▸ What the exercise asks
Every record below is to be restated verbatim, though its images are not.

Short web captions
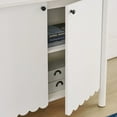 thumbnail image 4 of Emmeline Sideboard Cabinet in White, 4 of 9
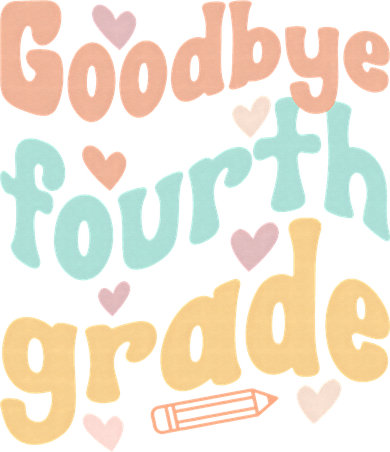 Last Day Of 4th Grade Groovy 4th Grade Last Day Of School Women's Long Sleeve Shirt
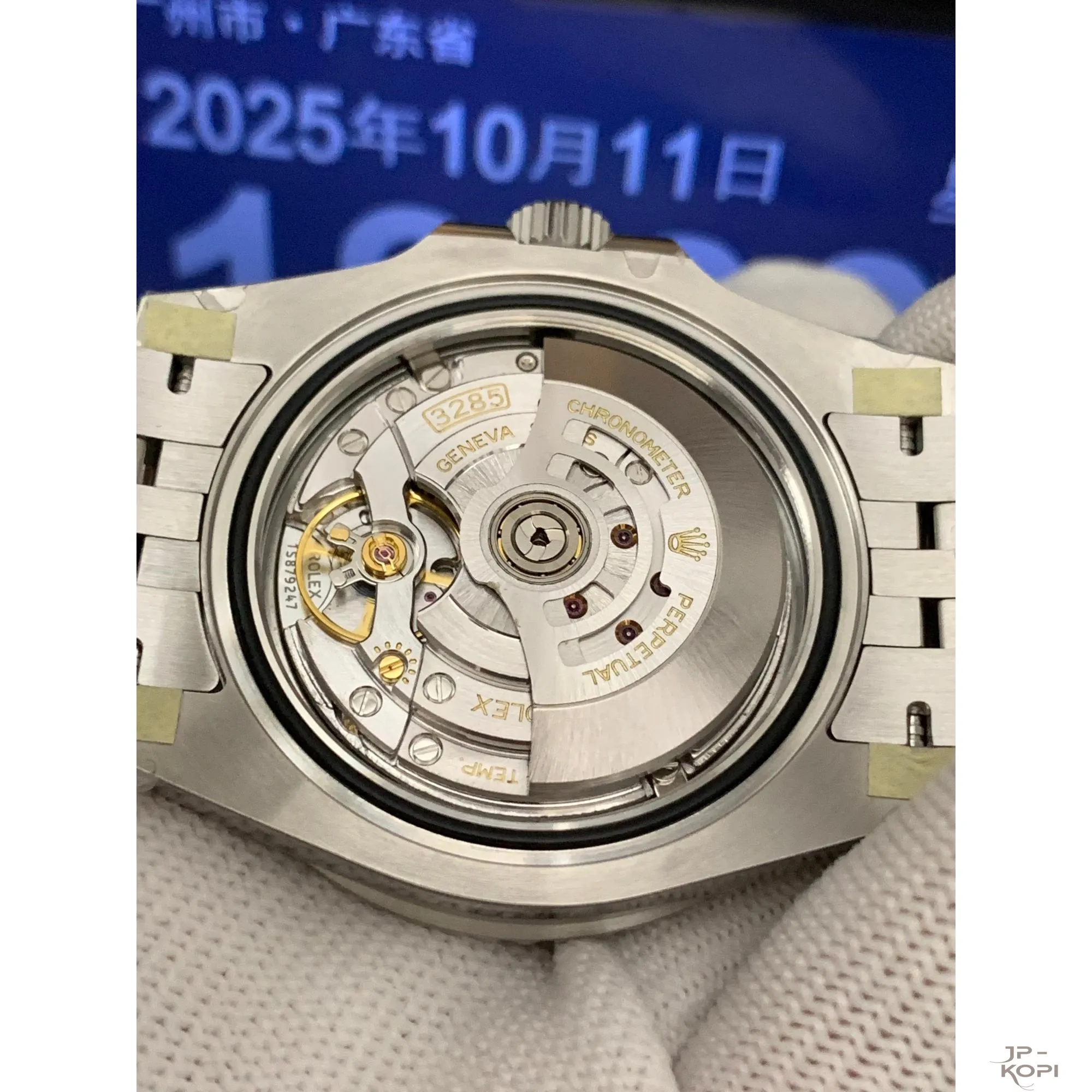 ロレックス GMTマスターII 126720VTNR-0002|レフティGMT ブラック×グリーン 丹東Cal.3285【VS工場製】 - 画像 (15)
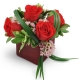 He-Loves-Me 4-red-roses-Flowers to Toronto, Mississauga, Ontario, Alberta, Calgary, Hamilton, Ottawa, Montreal, Winnipeg allover Canada from Karachi, Lahore, Islamabad Pakistan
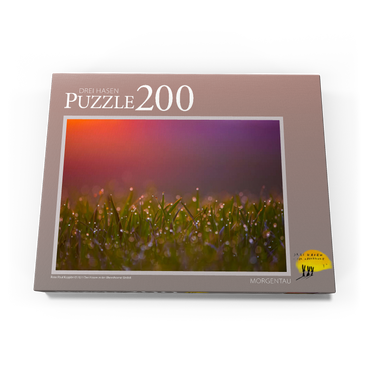 Darstellung des Puzzle Motivs Morgentau 200 Puzzle Schachtel Ansicht3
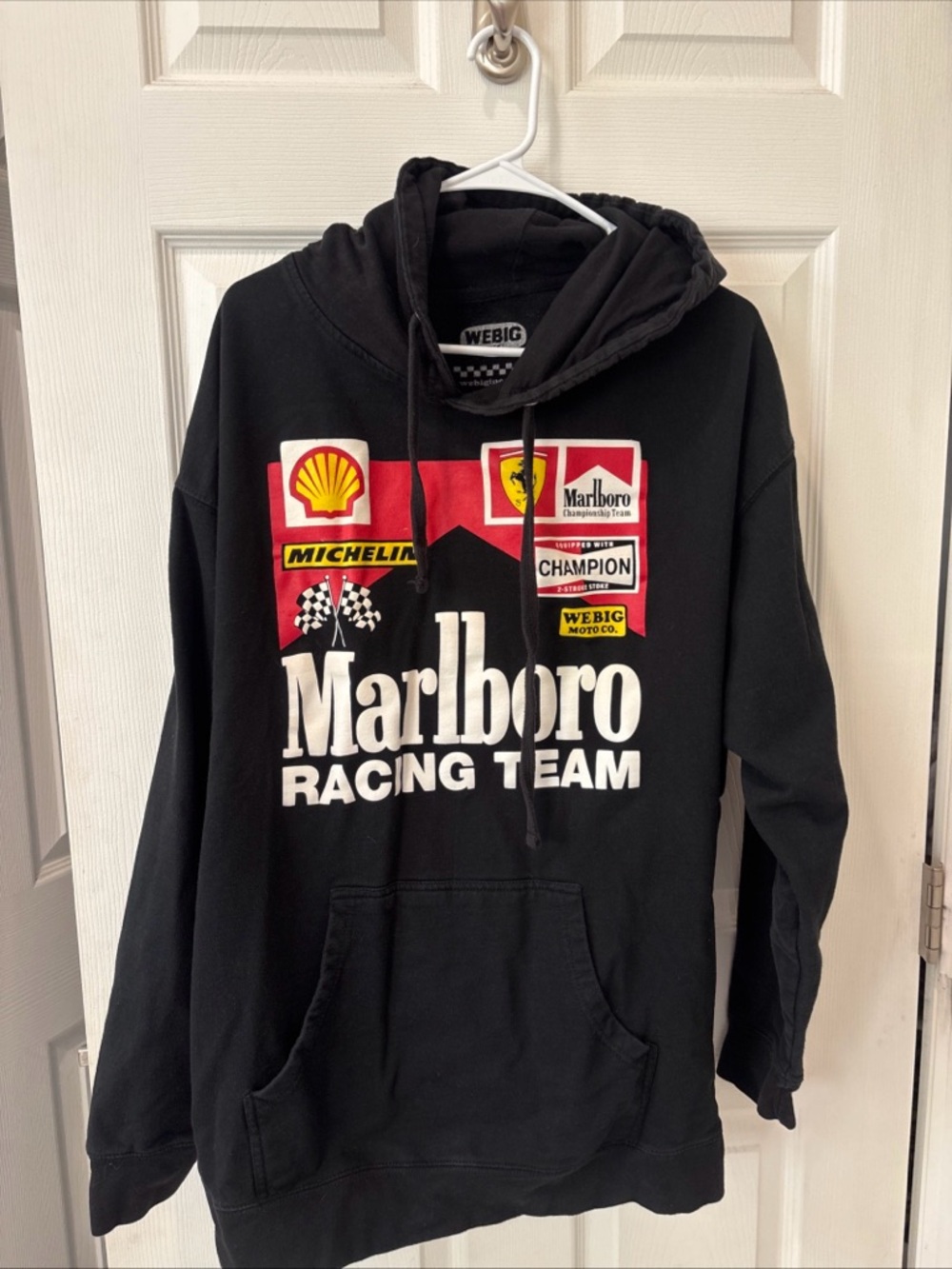 Independent We Big Inc. Marlboro Racing Team Black Hoodie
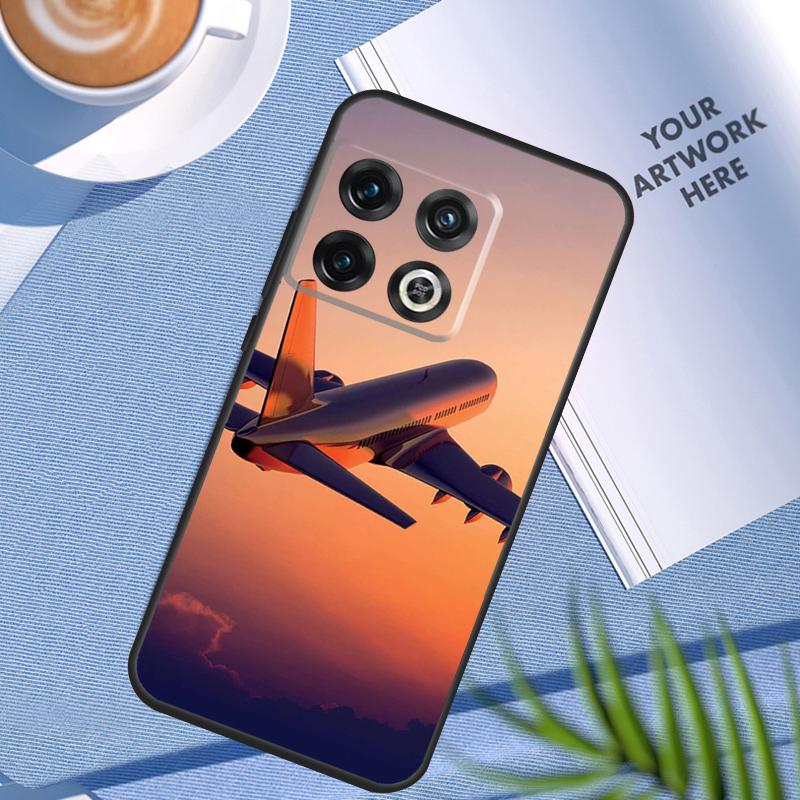 Чехол-самолет для OnePlus 12R 10T 10R 9R 8T 12 11 9 10 Pro Nord CE 3 Lite 2 2T CE4 N10 N20 N30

▸ Response area
 thumbnail image 4 of Emmeline Sideboard Cabinet in White, 4 of 9
 Last Day Of 4th Grade Groovy 4th Grade Last Day Of School Women's Long Sleeve Shirt
 ロレックス GMTマスターII 126720VTNR-0002|レフティGMT ブラック×グリーン 丹東Cal.3285【VS工場製】 - 画像 (15)
 He-Loves-Me 4-red-roses-Flowers to Toronto, Mississauga, Ontario, Alberta, Calgary, Hamilton, Ottawa, Montreal, Winnipeg allover Canada from Karachi, Lahore, Islamabad Pakistan
 Darstellung des Puzzle Motivs Morgentau 200 Puzzle Schachtel Ansicht3
 Independent We Big Inc. Marlboro Racing Team Black Hoodie
 Чехол-самолет для OnePlus 12R 10T 10R 9R 8T 12 11 9 10 Pro Nord CE 3 Lite 2 2T CE4 N10 N20 N30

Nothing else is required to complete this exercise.